LaPointe's customary watercolour process is wet-on-wet. "I usually dip my board in the ocean. It's not traditional, but it works for me." He paints on the spot, quickly. "Watercolour is quite efficient and tends to grab the essence of the experience. It is the quickest way to transmit fog, or blowing cloud. I tell my students, if one is outdoors painting, one is aware of the cold, the texture, the smells. But the viewer only sees the visual, so one has to exaggerate the visual."

He also paints with acrylic on canvas, abstract expressionist pieces "where the chief subject matter is the forces of nature," and which are done in the studio, and acrylic on paper, with the "acrylic watered down to create an undercurrent of watercolour-type technique" and then built up from there.

LaPointe also brings multiple media into play for his set designs, which he has created for Rising Tide Theatre since "A Different Kettle of Fish" in 1997. That play, staged on former fishing premises in Bonavista, opened in present day and then moved into the past. LaPointe enhanced this time shift with paintings, slides and scrims. When the time shifted, a series of six-foot square paintings on canvas unrolled from the ceiling, slides were projected and other paintings on scrims were unfolded, more delicate images that seemed to recede into time and space.

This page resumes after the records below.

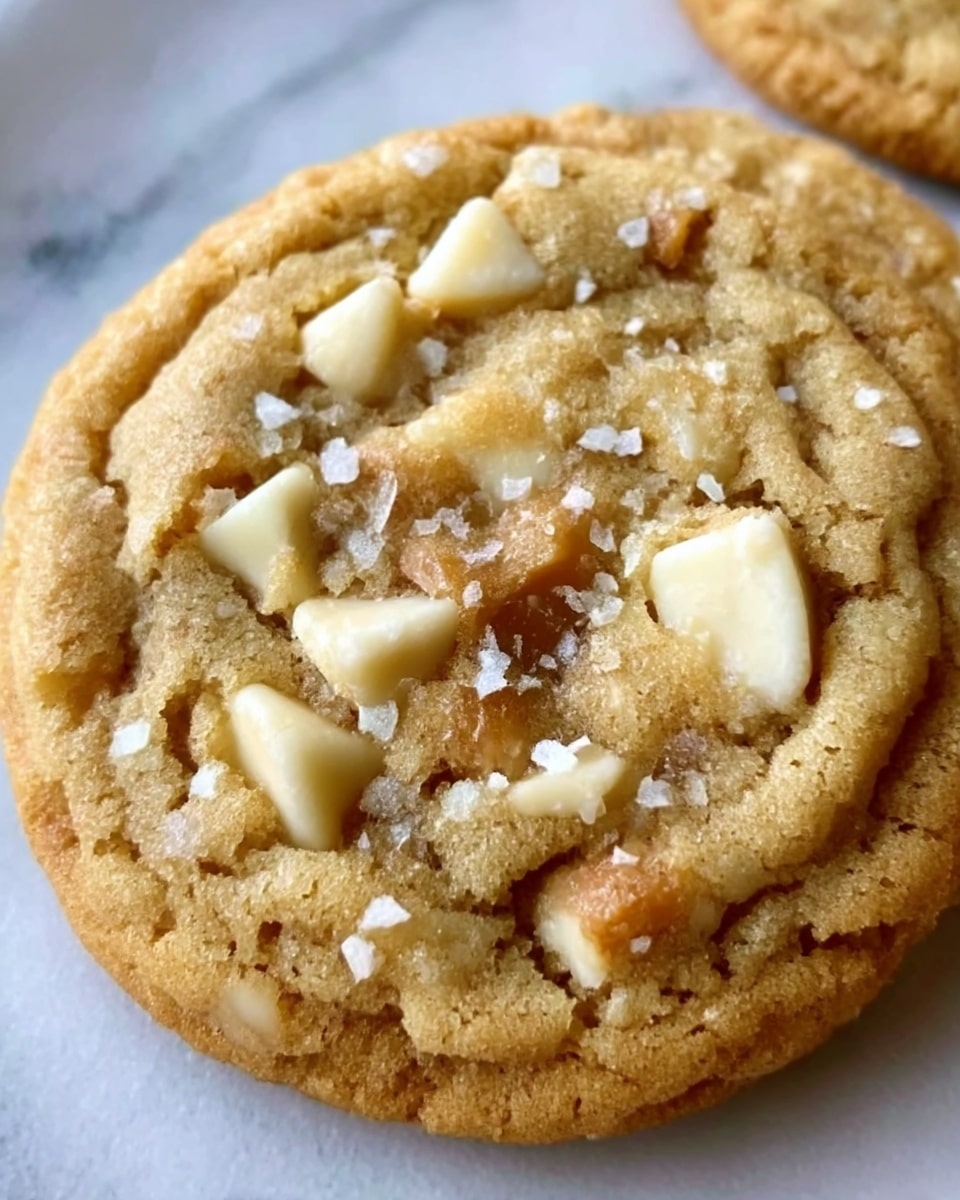 A close-up of a soft, thick cookie with a light golden-brown color. The cookie has a slightly cracked top and is filled with large white chocolate chunks and sprinkled with coarse salt flakes. The texture looks chewy and moist in the middle, with a slightly crisp edge. The background is a white marbled surface. The photo taken with an iphone --ar 4:5 --v 7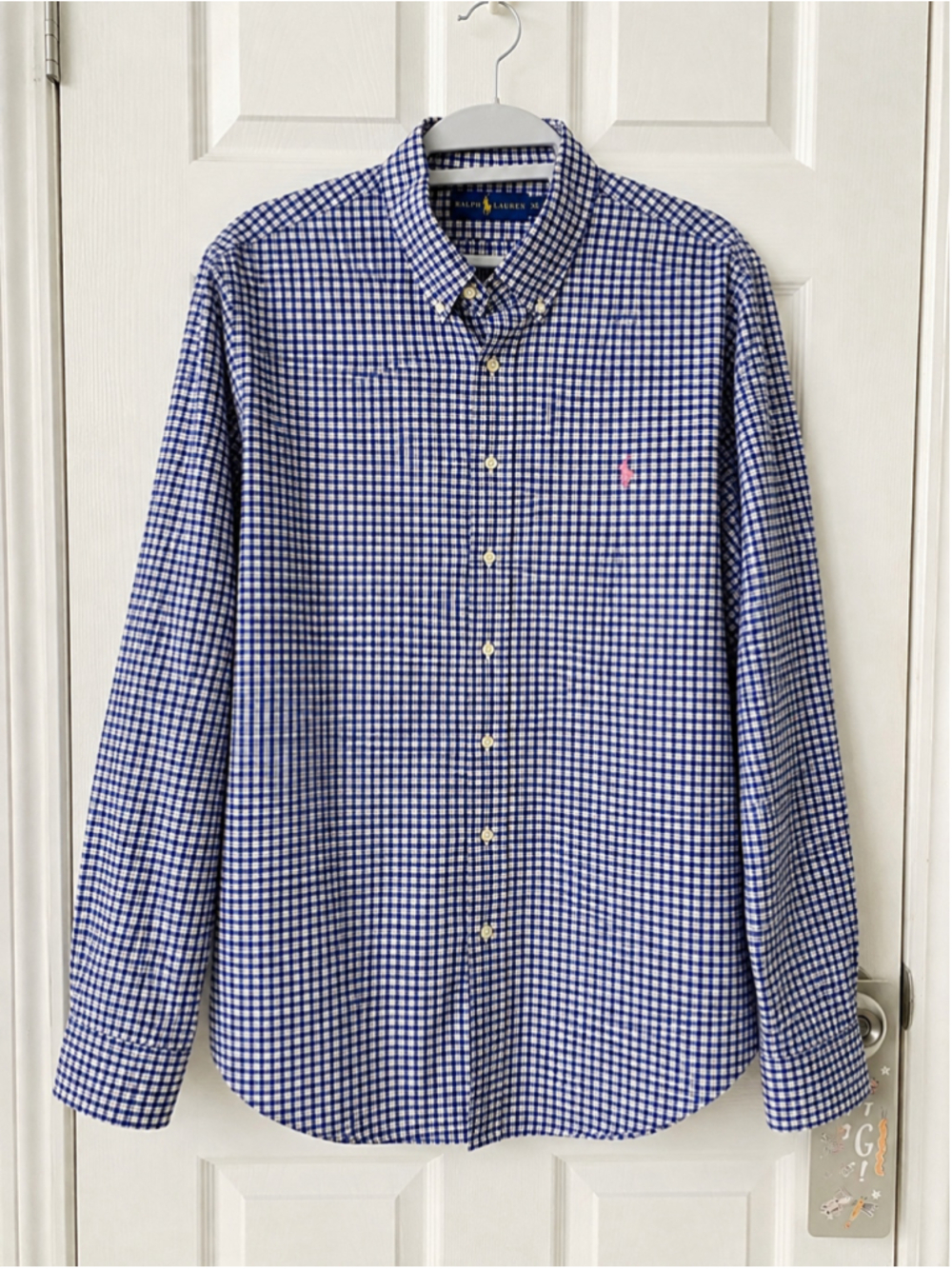 Men's Ralph Lauren Casual Button Down Shirt XL Blue White Gingham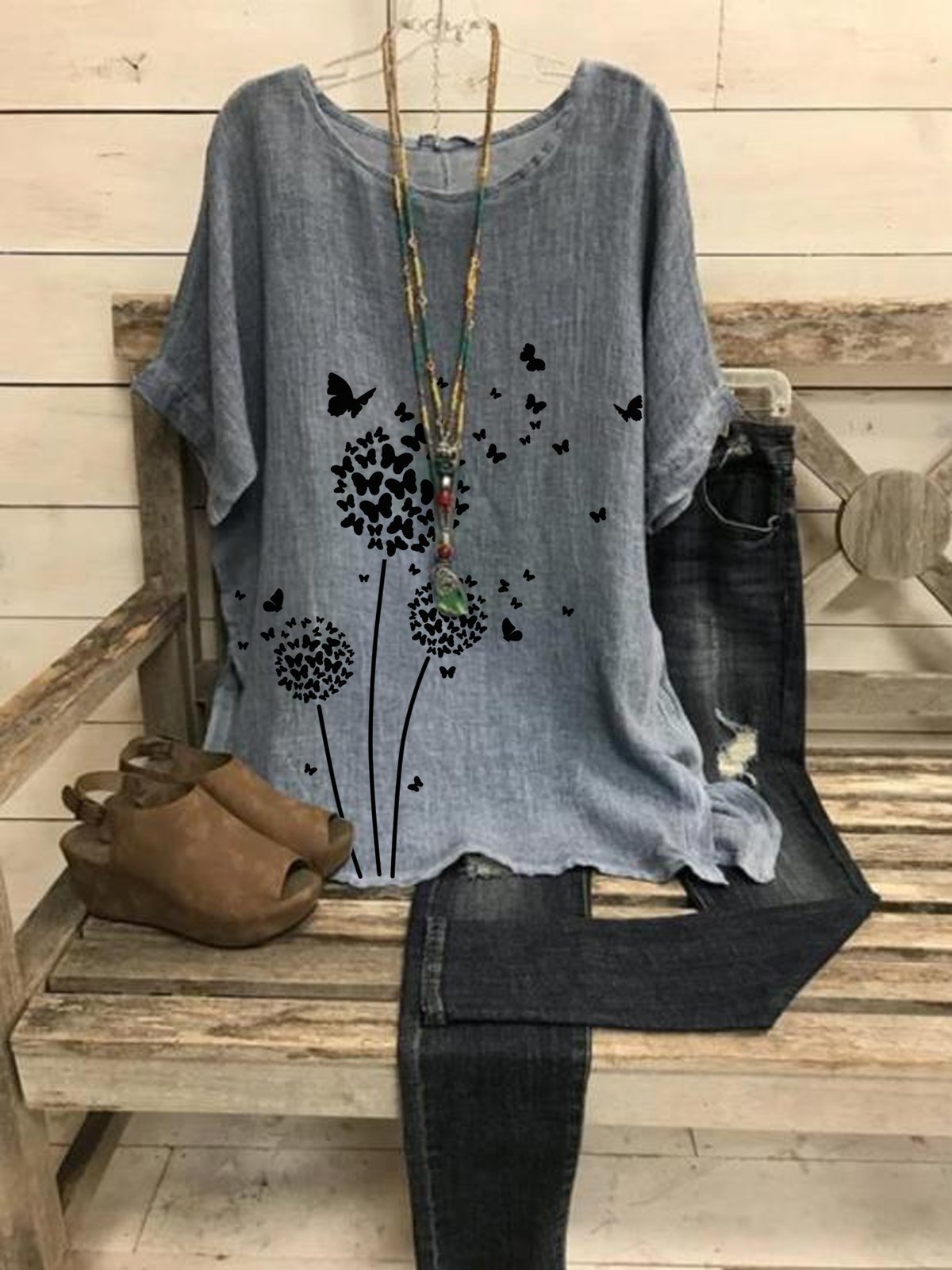 Casual vintage dandelion printed loose top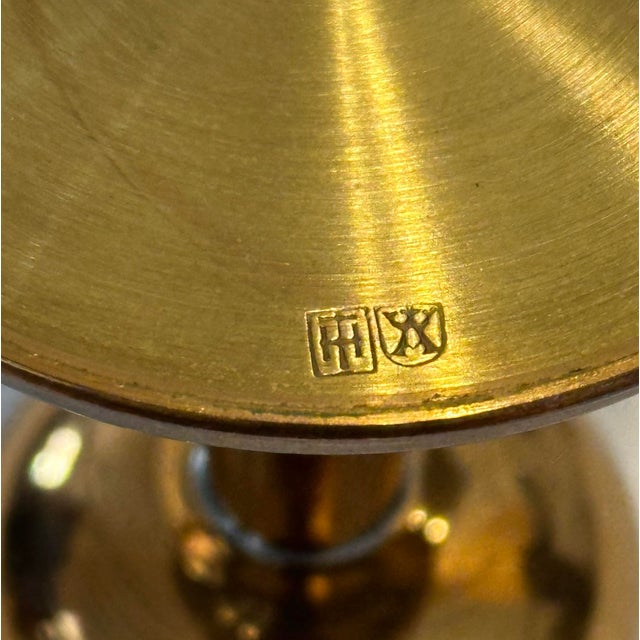 Pair of Pentti Sarpaneva Turun Hopea, Finland “Pitsi”- Lace Gilt Bronze Brutalist Candle Holders For Sale In Chicago - Image 6 of 7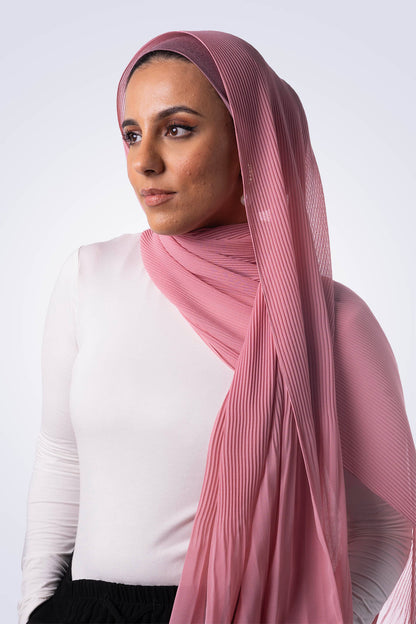 Pleated Chiffon Hijab - Baby Pink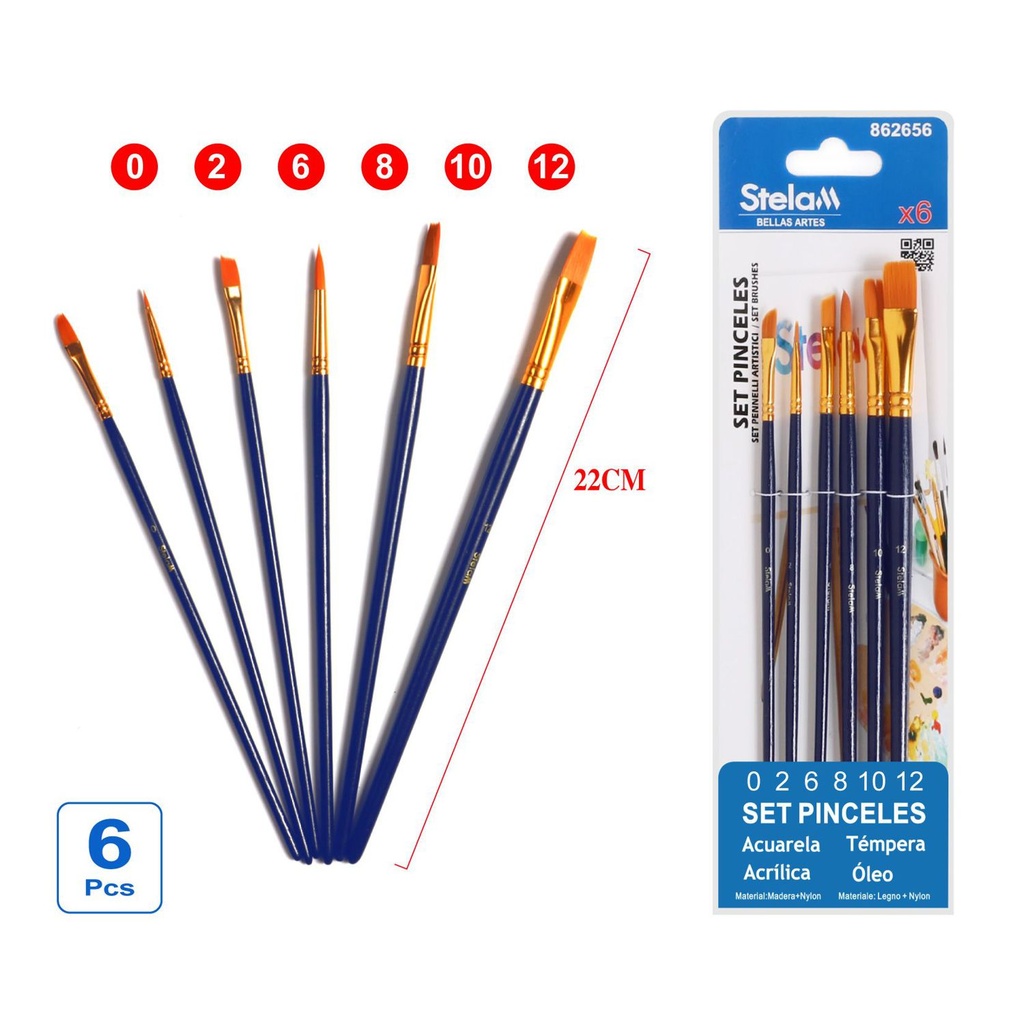 Set de pinceles azules 6pcs para pintura y arte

"The whole building changed," LaPointe said. Even the pillars in the space came into play, breaking up the slide projections "in a really great pattern. It was not just visual, but a full spectrum of senses. Sight, sound. And the smell was already there, the fish and the salt."

LaPointe also did the set for "No Man's Land" and most recently contributed to the design of "The Silent Times." One big challenge is that these sets are disassembled so frequently, as Rising Tide puts on a new show a night. Perhaps one day LaPointe will have the chance to work on a set "that would be left in place."

Such as his houses; in fact their placement is an essential element of their design. "I believe architecture should speak of the site, not of a style. It should take advantage of the sun, of the views." It started with his own home, when he lived in St. Michael's, and created an octagonal house on the edge of a cliff. His architectural work now includes the restaurant and ticket office for O'Brien's Tours in Bay Bulls, several structures for Fisher's Loft in Port Rexton (Peg and John Fisher "wanted the little family of houses to look as if they'd been there forever"), and two houses in Trinity.

He describes his architecture as "sculptural," and notes that he does all his blueprints by hand. That way he gets "satisfaction. I don't do anything I don't get satisfaction from."

"Spring in the Air" also includes work from Natalia Charapova, Ilse Hughes, David Kaarsemaker and many other artists. The show continues until April 30.

Also on: "Short Stories, Paintings by Heather Millar," is up at the Flower Studio, 124 Military Rd. Millar paints vintage toys, an unexpected subject presented here with intriguing style and engaging skill.